EXERCISE DETAILS — All lines below starting at the one that holds "But like we" and ending at the one that holds "This is a 2006" should be printed exactly, ends included. Pictures should not be printed, nor anything else.

RECORD SET —
____

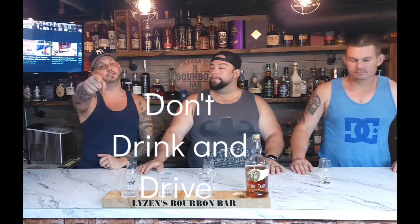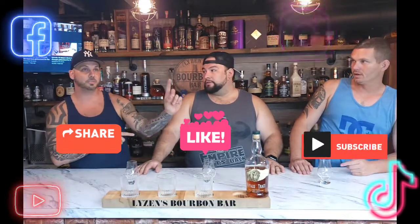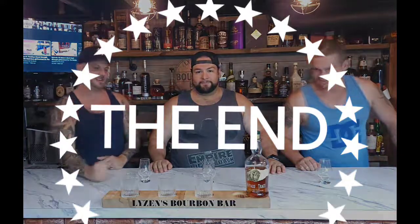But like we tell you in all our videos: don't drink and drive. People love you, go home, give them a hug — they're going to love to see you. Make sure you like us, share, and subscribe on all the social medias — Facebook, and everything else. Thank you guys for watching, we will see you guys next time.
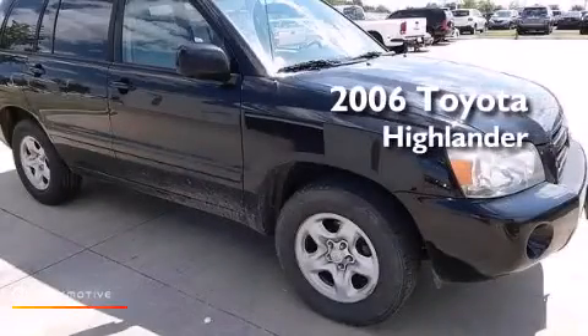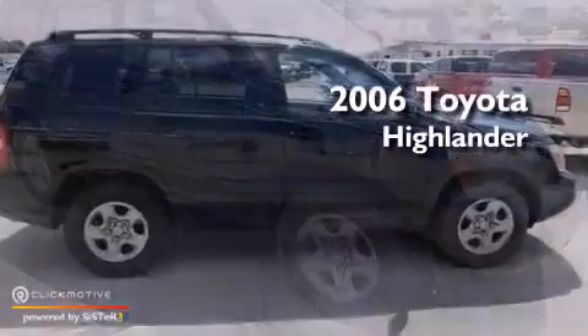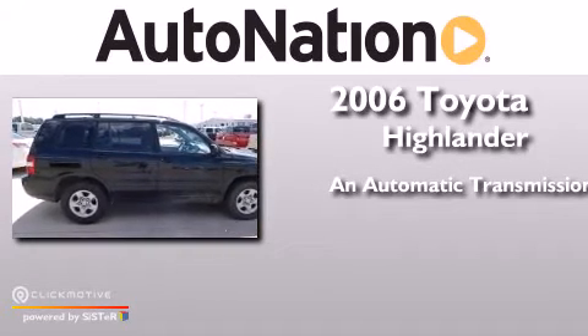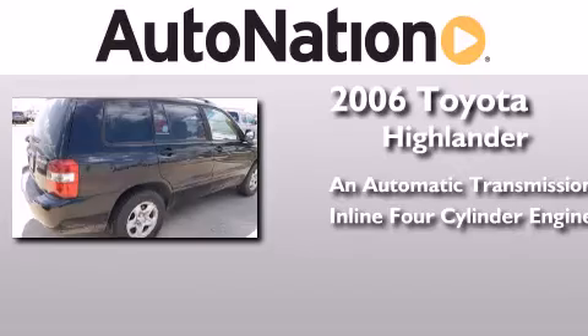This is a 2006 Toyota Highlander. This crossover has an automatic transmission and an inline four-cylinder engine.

____

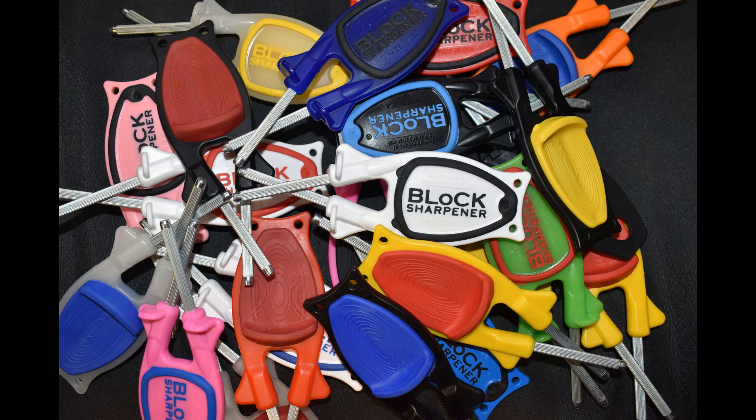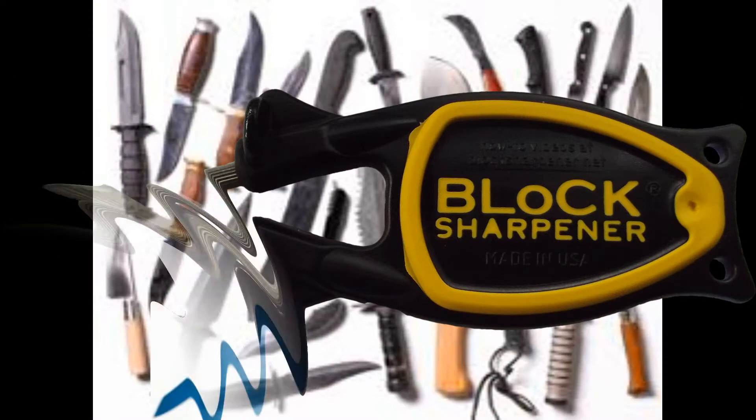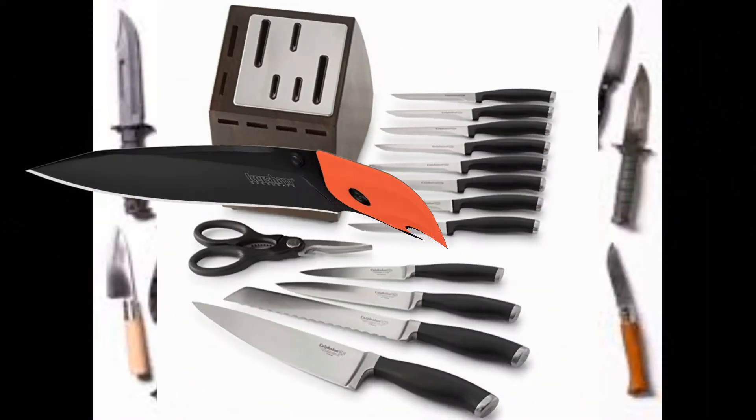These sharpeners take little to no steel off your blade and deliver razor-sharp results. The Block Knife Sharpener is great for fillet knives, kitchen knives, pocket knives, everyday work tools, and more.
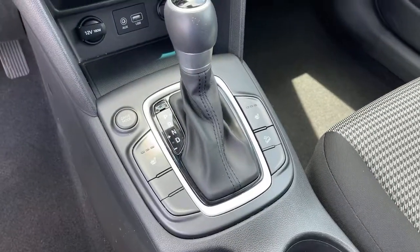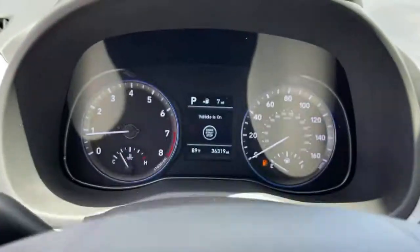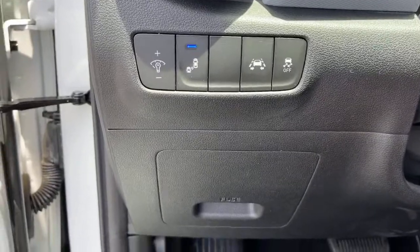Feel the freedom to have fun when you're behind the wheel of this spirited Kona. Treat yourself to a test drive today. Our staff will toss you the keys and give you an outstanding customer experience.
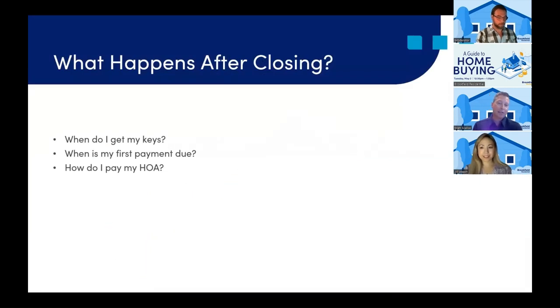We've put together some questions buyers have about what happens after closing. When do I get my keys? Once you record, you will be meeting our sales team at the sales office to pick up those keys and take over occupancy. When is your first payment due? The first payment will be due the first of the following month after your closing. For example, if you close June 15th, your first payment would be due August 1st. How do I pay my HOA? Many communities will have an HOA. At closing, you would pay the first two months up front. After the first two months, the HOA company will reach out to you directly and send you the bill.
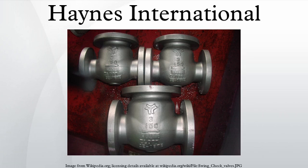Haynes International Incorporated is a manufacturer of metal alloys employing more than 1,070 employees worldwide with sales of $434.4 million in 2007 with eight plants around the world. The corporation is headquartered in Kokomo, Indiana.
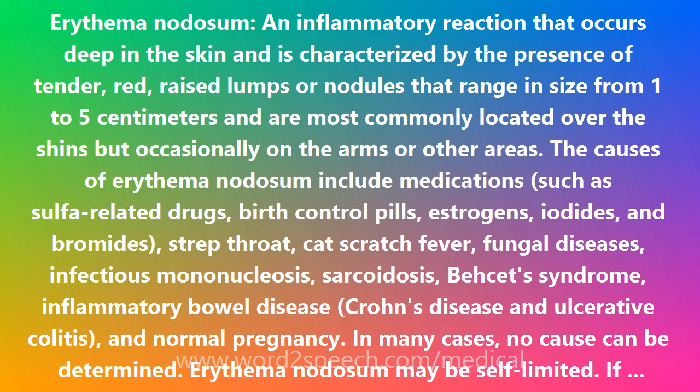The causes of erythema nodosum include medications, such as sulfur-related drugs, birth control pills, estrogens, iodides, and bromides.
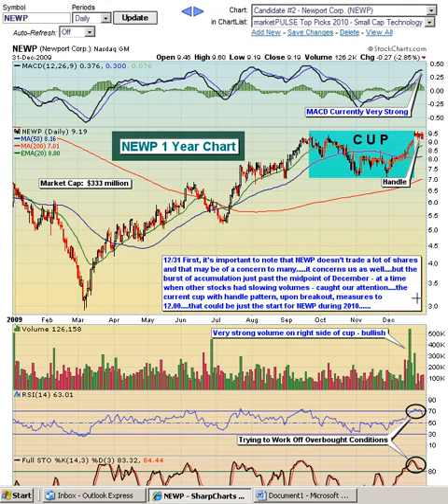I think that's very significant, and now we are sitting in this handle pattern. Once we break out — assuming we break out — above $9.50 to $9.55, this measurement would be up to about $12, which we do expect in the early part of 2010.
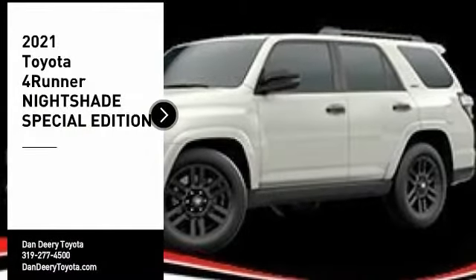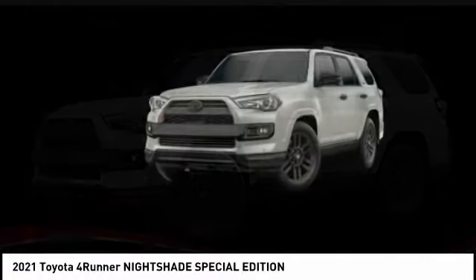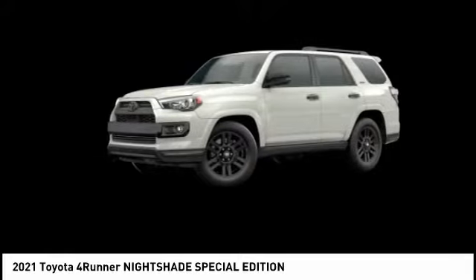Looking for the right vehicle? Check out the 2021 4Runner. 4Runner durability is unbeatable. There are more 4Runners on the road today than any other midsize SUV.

____

TASK SOLUTION —
But like we tell you in all our videos: don't drink and drive. People love you, go home, give them a hug — they're going to love to see you. Make sure you like us, share, and subscribe on all the social medias — Facebook, and everything else. Thank you guys for watching, we will see you guys next time.
This is a 2006 Toyota Highlander. This crossover has an automatic transmission and an inline four-cylinder engine.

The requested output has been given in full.